Here is the overview of the request flow:

flowchart LR subgraph AIGateway Proxy["Proxy"] end subgraph Provider1["Anthropic"] direction LR Model1(["Claude 2.1"]) end subgraph Provider2["VertexAI"] direction LR Model2(["text-bison"]) end subgraph SM or SaaS GitLab DuoFeatureA["Duo feature A"] DuoFeatureB["Duo feature B"] end DuoFeatureA -- POST /v1/proxy/anthropic/v1/complete --- Proxy DuoFeatureB -- POST /v1/proxy/vertex-ai/v1/text-bison:predict --- Proxy Proxy -- POST /v1/complete --- Provider1 Proxy -- POST /v1/text-bison:predict --- Provider2

Anthropic

Expose the following HTTP/1.1 endpoint in AI Gateway:

POST /v1/proxy/anthropic/(*path)

path can be forwarded to the folloinwg endpoints:

/v1/complete
/v1/messages (Future iteration)

Vertex AI

Expose the following HTTP/1.1 endpoint in AI Gateway:

POST /v1/proxy/vertex-ai/(*path)

path can be forwarded to the folloinwg endpoints:

/v1/{endpoint}:predict
- endpoint must be one of: chat-bison, code-bison, codechat-bison, text-bison, textembedding-gecko@003.

Common behavior

Request body is sent to AI providers as-is.
Request headers are filtered/replaced by AI Gateway accordingly e.g. Allow only accept, content-type, anthropic-version and filter out the rest. x-api-key is added.
Response body is returned to clients as-is.
Response headers are filtered/replaced by AI Gateway accordingly e.g. Allow only date, content-type, transfer-encoding and filter out the rest.
Response status is returned to clients as-is.
HTTP Streaming is supoprted.
if unsupported path is specified, AI Gateway responds with a 404 Not Found error.

Access control

Clients must send JWT issued by GitLab.com or Customer Dot.
- This JWT contains scopes that indicates the permissions given to the GitLab-instance. This scopes will vary per Duo subscription tier.
- To access these proxy endpoints, scopes must include one of: explain_vulnerability, resolve_vulnerability, generate_description, summarize_all_open_notes, summarize_submitted_review, generate_commit_message, summarize_review, fill_in_merge_request_template, analyze_ci_job_failure.
- Requests that do not meet the specified criteria will result in a 401 Unauthorized Access error.
Clients must send X-Gitlab-Feature-Usage headers in HTTP requests.
- This X-Gitlab-Feature-Usage header indicates the purpose of the API request.
- To access these proxy endpoints, X-Gitlab-Feature-Usage must be one of: explain_vulnerability, resolve_vulnerability, generate_description, summarize_all_open_notes, summarize_submitted_review, generate_commit_message, summarize_review, fill_in_merge_request_template, analyze_ci_job_failure.
- Requests that do not meet the specified criteria will result in a 401 Unauthorized Access error.
For logging, we add the value of X-Gitlab-Feature-Usage header in access logs in AI Gateway.
For metrics, we instrument the concurrent requests with ModelRequestInstrumentator and input/output tokens with TextGenModelInstrumentator in AI Gateway. It should be labled with X-Gitlab-Instance-Id, X-Gitlab-Global-User-Id and X-Gitlab-Feature-Usage.
For telemetry, we add Internal Event Tracking for each feature in GitLab-Rails. Alternatively, we could use the existing snowplow tracker in AI Gateway, which requires additional work for introducing an unified schema.

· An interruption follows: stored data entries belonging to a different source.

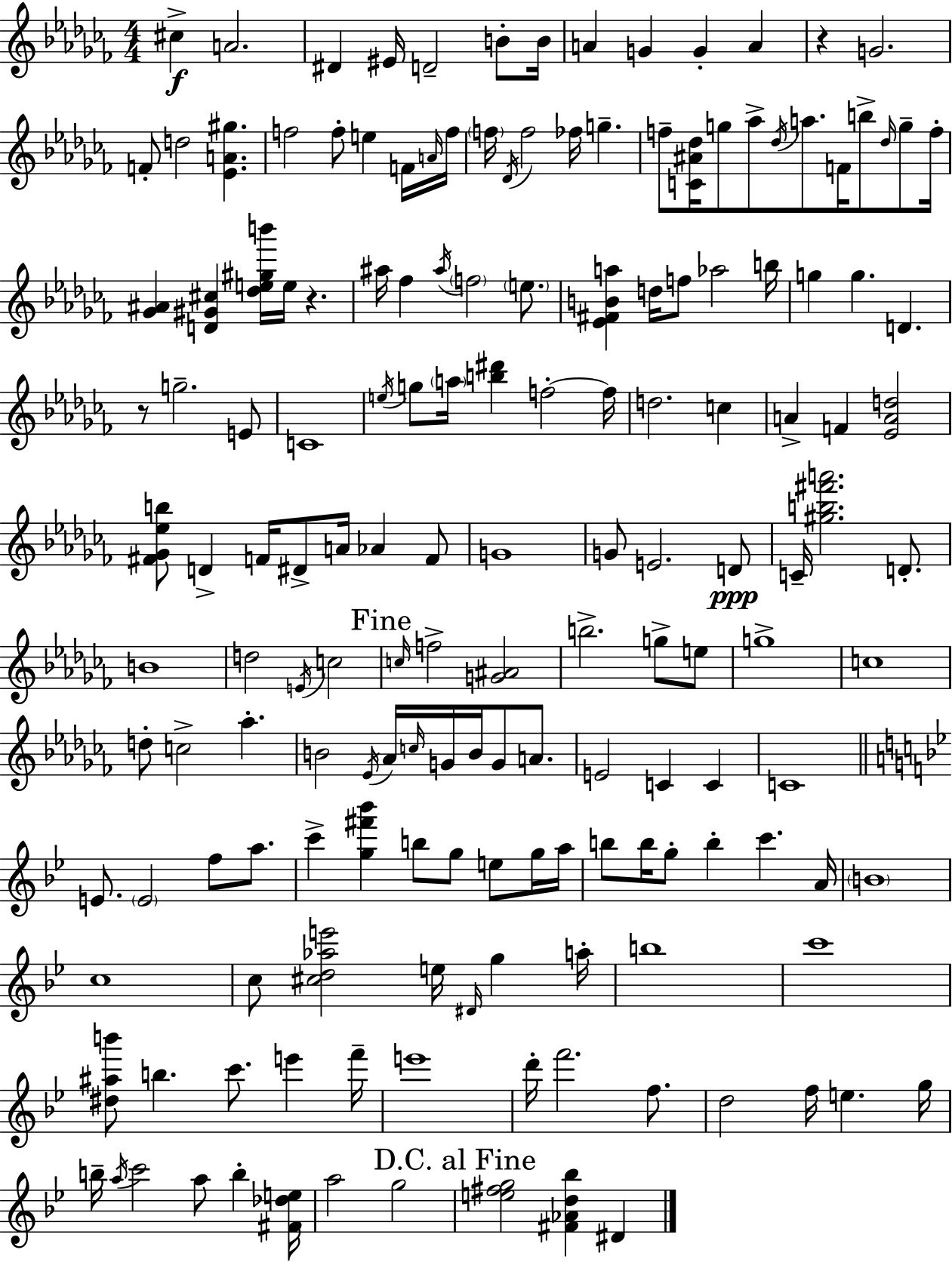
{
  \clef treble
  \numericTimeSignature
  \time 4/4
  \key aes \minor
  cis''4->\f a'2. | dis'4 eis'16 d'2-- b'8-. b'16 | a'4 g'4 g'4-. a'4 | r4 g'2. | \break f'8-. d''2 <ees' a' gis''>4. | f''2 f''8-. e''4 f'16 \grace { a'16 } | f''16 \parenthesize f''16 \acciaccatura { des'16 } f''2 fes''16 g''4.-- | f''8-- <c' ais' des''>16 g''8 aes''8-> \acciaccatura { des''16 } a''8. f'16 b''8-> | \break \grace { des''16 } g''8-- f''16-. <ges' ais'>4 <d' gis' cis''>4 <des'' e'' gis'' b'''>16 e''16 r4. | ais''16 fes''4 \acciaccatura { ais''16 } \parenthesize f''2 | \parenthesize e''8. <ees' fis' b' a''>4 d''16 f''8 aes''2 | b''16 g''4 g''4. d'4. | \break r8 g''2.-- | e'8 c'1 | \acciaccatura { e''16 } g''8 \parenthesize a''16 <b'' dis'''>4 f''2-.~~ | f''16 d''2. | \break c''4 a'4-> f'4 <ees' a' d''>2 | <fis' ges' ees'' b''>8 d'4-> f'16 dis'8-> a'16 | aes'4 f'8 g'1 | g'8 e'2. | \break d'8\ppp c'16-- <gis'' b'' fis''' a'''>2. | d'8.-. b'1 | d''2 \acciaccatura { e'16 } c''2 | \mark "Fine" \grace { c''16 } f''2-> | \break <g' ais'>2 b''2.-> | g''8-> e''8 g''1-> | c''1 | d''8-. c''2-> | \break aes''4.-. b'2 | \acciaccatura { ees'16 } aes'16 \grace { c''16 } g'16 b'16 g'8 a'8. e'2 | c'4 c'4 c'1 | \bar "||" \break \key g \minor e'8. \parenthesize e'2 f''8 a''8. | c'''4-> <g'' fis''' bes'''>4 b''8 g''8 e''8 g''16 a''16 | b''8 b''16 g''8-. b''4-. c'''4. a'16 | \parenthesize b'1 | \break c''1 | c''8 <cis'' d'' aes'' e'''>2 e''16 \grace { dis'16 } g''4 | a''16-. b''1 | c'''1 | \break <dis'' ais'' b'''>8 b''4. c'''8. e'''4 | f'''16-- e'''1 | d'''16-. f'''2. f''8. | d''2 f''16 e''4. | \break g''16 b''16-- \acciaccatura { a''16 } c'''2 a''8 b''4-. | <fis' des'' e''>16 a''2 g''2 | \mark "D.C. al Fine" <e'' fis'' g''>2 <fis' aes' d'' bes''>4 dis'4 | \bar "|."
}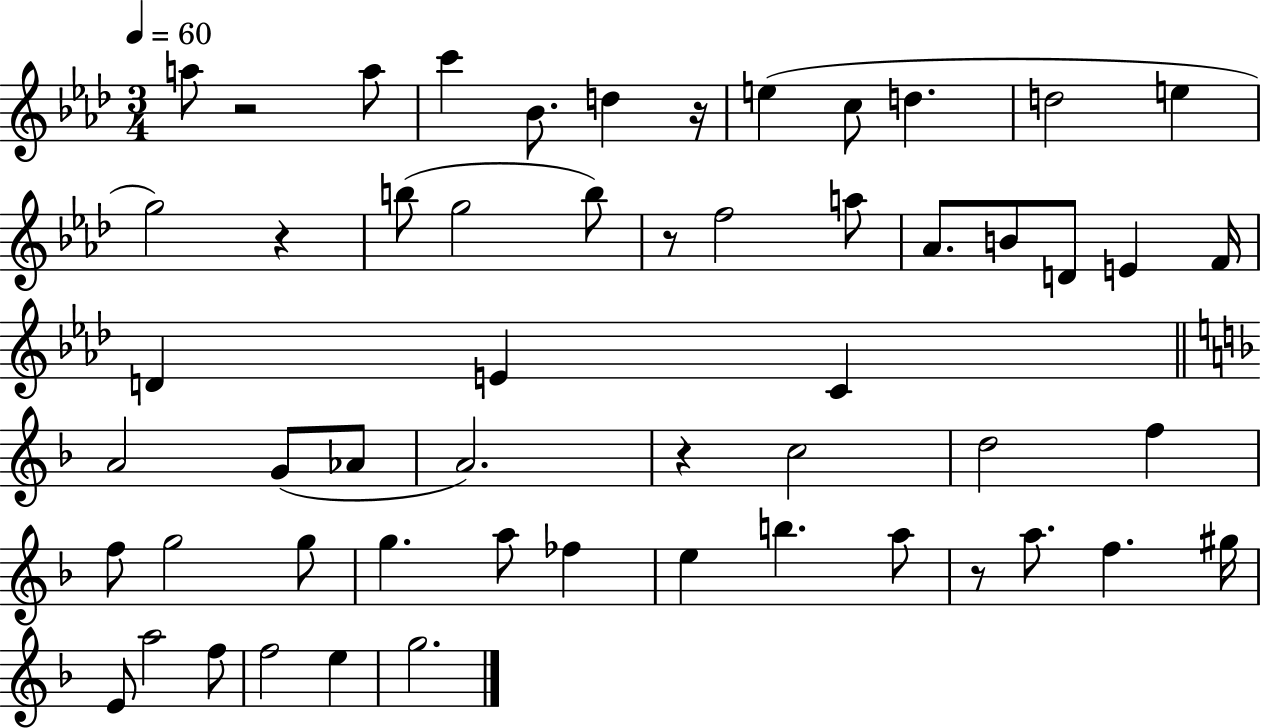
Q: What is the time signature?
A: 3/4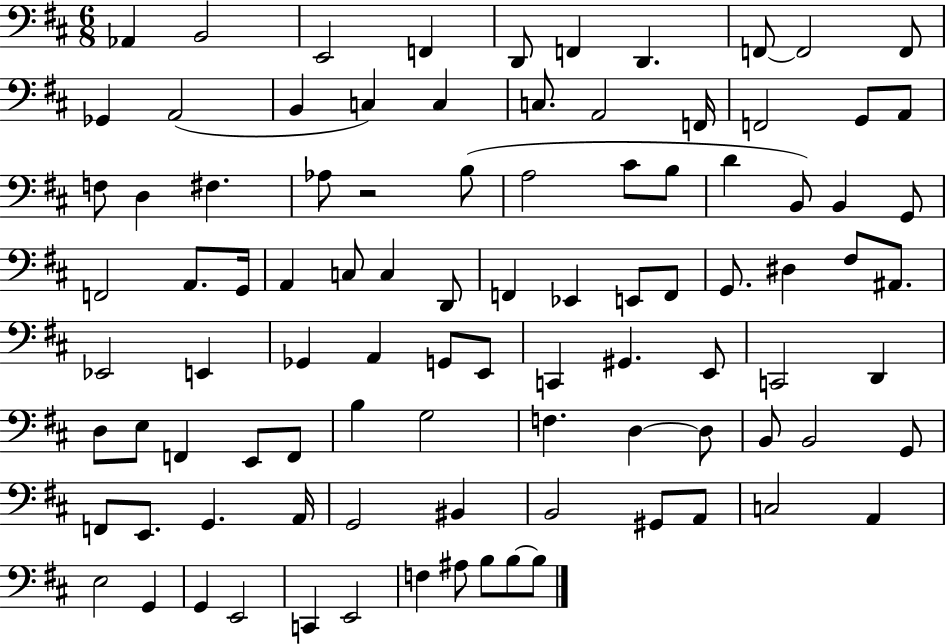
X:1
T:Untitled
M:6/8
L:1/4
K:D
_A,, B,,2 E,,2 F,, D,,/2 F,, D,, F,,/2 F,,2 F,,/2 _G,, A,,2 B,, C, C, C,/2 A,,2 F,,/4 F,,2 G,,/2 A,,/2 F,/2 D, ^F, _A,/2 z2 B,/2 A,2 ^C/2 B,/2 D B,,/2 B,, G,,/2 F,,2 A,,/2 G,,/4 A,, C,/2 C, D,,/2 F,, _E,, E,,/2 F,,/2 G,,/2 ^D, ^F,/2 ^A,,/2 _E,,2 E,, _G,, A,, G,,/2 E,,/2 C,, ^G,, E,,/2 C,,2 D,, D,/2 E,/2 F,, E,,/2 F,,/2 B, G,2 F, D, D,/2 B,,/2 B,,2 G,,/2 F,,/2 E,,/2 G,, A,,/4 G,,2 ^B,, B,,2 ^G,,/2 A,,/2 C,2 A,, E,2 G,, G,, E,,2 C,, E,,2 F, ^A,/2 B,/2 B,/2 B,/2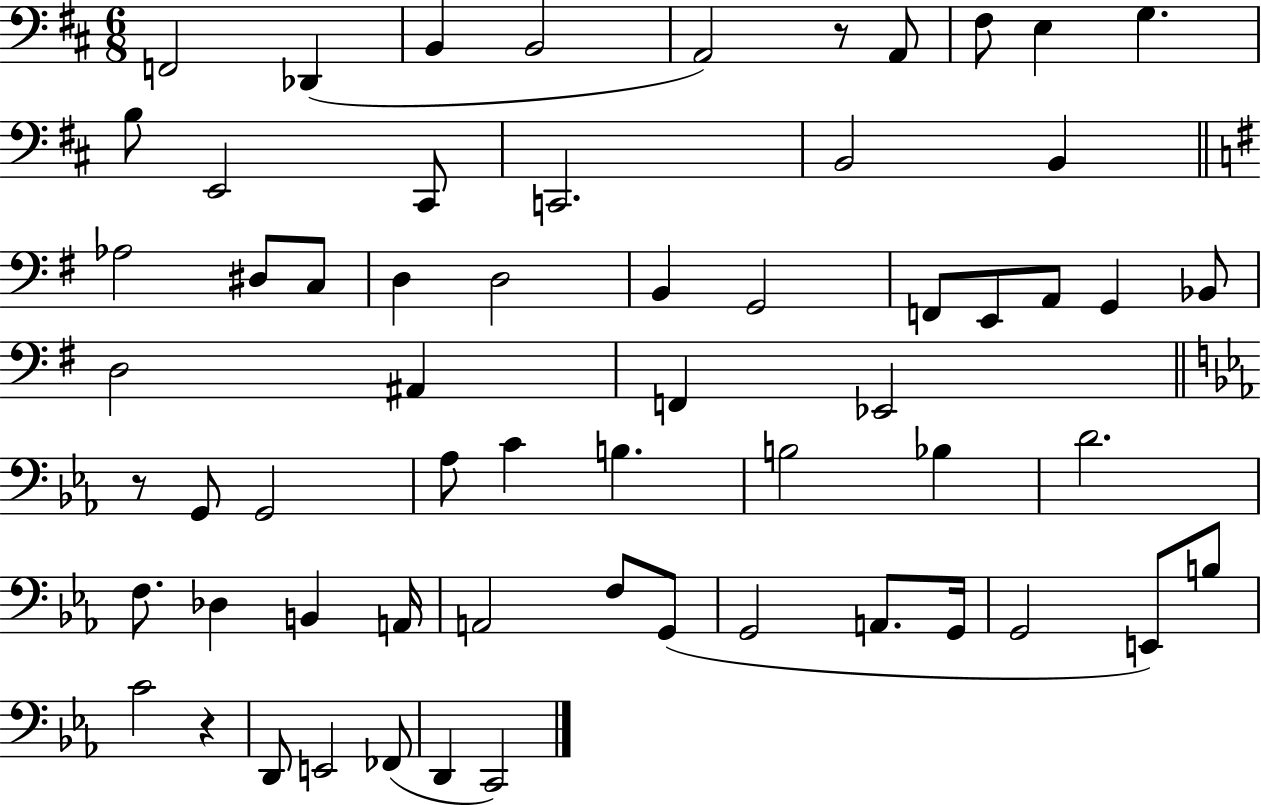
{
  \clef bass
  \numericTimeSignature
  \time 6/8
  \key d \major
  \repeat volta 2 { f,2 des,4( | b,4 b,2 | a,2) r8 a,8 | fis8 e4 g4. | \break b8 e,2 cis,8 | c,2. | b,2 b,4 | \bar "||" \break \key g \major aes2 dis8 c8 | d4 d2 | b,4 g,2 | f,8 e,8 a,8 g,4 bes,8 | \break d2 ais,4 | f,4 ees,2 | \bar "||" \break \key c \minor r8 g,8 g,2 | aes8 c'4 b4. | b2 bes4 | d'2. | \break f8. des4 b,4 a,16 | a,2 f8 g,8( | g,2 a,8. g,16 | g,2 e,8) b8 | \break c'2 r4 | d,8 e,2 fes,8( | d,4 c,2) | } \bar "|."
}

For futher access control improvement, see this issue.

Consequences

Experimental AI features are enabled on self-managed instances.
Stage groups can start working on improving the business logic of the feature. This proxy work can be worked in parallel.
Stage groups don’t need to rush refactoring business logic in Python AI Gateway for GA release. They can take time post-GA.
We can detect abusers by checking X-Gitlab-Instance-Id, X-Gitlab-Global-User-Id and X-Gitlab-Feature-Usage in logs and metrics.
We can block abusers by gating the access at Cloud Connector LB (Cloud Flare) or AI Gateway middleware.